═════ DATA FOR THIS EXERCISE ═════

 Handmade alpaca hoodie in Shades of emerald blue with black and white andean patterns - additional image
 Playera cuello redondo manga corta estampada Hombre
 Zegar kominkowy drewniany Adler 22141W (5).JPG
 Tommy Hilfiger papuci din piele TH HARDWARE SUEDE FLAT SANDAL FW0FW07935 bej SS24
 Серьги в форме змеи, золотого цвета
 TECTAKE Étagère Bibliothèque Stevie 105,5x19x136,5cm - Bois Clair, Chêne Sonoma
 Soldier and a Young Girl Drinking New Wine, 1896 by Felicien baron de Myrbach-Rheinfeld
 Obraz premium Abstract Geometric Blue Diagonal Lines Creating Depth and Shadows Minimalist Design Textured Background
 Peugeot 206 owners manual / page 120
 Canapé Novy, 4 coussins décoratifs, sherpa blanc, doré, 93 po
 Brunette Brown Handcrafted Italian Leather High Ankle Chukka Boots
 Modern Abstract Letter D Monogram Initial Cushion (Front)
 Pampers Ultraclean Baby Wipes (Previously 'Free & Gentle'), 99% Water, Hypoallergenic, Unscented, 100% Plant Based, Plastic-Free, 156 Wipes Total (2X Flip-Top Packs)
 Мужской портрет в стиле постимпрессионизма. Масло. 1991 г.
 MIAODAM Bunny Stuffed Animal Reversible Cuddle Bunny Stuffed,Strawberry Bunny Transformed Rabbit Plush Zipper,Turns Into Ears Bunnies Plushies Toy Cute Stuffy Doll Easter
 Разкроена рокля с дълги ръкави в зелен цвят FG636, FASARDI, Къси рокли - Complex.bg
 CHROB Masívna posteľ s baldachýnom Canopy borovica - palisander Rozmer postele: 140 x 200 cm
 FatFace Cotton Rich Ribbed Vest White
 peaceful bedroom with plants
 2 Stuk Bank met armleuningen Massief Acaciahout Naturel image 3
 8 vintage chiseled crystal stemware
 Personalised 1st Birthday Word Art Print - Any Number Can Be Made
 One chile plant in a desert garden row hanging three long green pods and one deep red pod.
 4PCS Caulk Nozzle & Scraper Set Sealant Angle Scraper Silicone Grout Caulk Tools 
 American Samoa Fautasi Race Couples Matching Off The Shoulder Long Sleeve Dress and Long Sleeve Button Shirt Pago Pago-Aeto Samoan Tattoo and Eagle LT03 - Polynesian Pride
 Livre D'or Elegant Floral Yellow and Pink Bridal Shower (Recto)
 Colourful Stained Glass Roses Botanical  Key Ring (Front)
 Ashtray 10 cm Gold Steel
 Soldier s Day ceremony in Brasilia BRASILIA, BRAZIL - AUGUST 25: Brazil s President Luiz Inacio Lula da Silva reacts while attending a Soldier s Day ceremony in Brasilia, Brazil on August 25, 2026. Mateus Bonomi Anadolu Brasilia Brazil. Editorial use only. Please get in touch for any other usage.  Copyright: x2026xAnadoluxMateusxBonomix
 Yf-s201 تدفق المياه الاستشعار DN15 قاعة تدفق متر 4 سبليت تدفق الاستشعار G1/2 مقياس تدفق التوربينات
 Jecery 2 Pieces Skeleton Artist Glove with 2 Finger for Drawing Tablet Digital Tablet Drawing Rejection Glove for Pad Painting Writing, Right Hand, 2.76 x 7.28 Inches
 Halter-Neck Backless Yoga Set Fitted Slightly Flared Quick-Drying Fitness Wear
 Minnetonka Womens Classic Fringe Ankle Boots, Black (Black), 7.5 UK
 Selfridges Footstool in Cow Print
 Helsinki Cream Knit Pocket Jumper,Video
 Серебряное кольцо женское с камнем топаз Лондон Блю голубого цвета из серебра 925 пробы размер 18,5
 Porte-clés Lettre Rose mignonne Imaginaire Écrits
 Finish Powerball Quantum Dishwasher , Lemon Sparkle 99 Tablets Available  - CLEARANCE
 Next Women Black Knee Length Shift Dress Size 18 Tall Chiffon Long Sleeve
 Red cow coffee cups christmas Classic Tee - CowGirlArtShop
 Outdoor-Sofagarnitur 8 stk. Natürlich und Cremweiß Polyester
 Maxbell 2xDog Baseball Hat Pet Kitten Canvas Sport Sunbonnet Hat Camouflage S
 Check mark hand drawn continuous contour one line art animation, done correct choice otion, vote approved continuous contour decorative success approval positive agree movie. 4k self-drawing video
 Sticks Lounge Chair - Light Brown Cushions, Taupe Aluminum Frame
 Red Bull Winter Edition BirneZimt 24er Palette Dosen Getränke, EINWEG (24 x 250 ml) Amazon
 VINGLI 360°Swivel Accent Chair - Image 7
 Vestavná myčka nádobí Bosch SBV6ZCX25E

═════

## [YOUR TASK]
Copy the lines of the data above exactly as written, beginning with the line containing "Серьги в форме змеи, золотого цвета" and ending with the line containing "Peugeot 206 owners manual / page 120", and leave out all other lines.

## [TASK OUTPUT]
 Серьги в форме змеи, золотого цвета
 TECTAKE Étagère Bibliothèque Stevie 105,5x19x136,5cm - Bois Clair, Chêne Sonoma
 Soldier and a Young Girl Drinking New Wine, 1896 by Felicien baron de Myrbach-Rheinfeld
 Obraz premium Abstract Geometric Blue Diagonal Lines Creating Depth and Shadows Minimalist Design Textured Background
 Peugeot 206 owners manual / page 120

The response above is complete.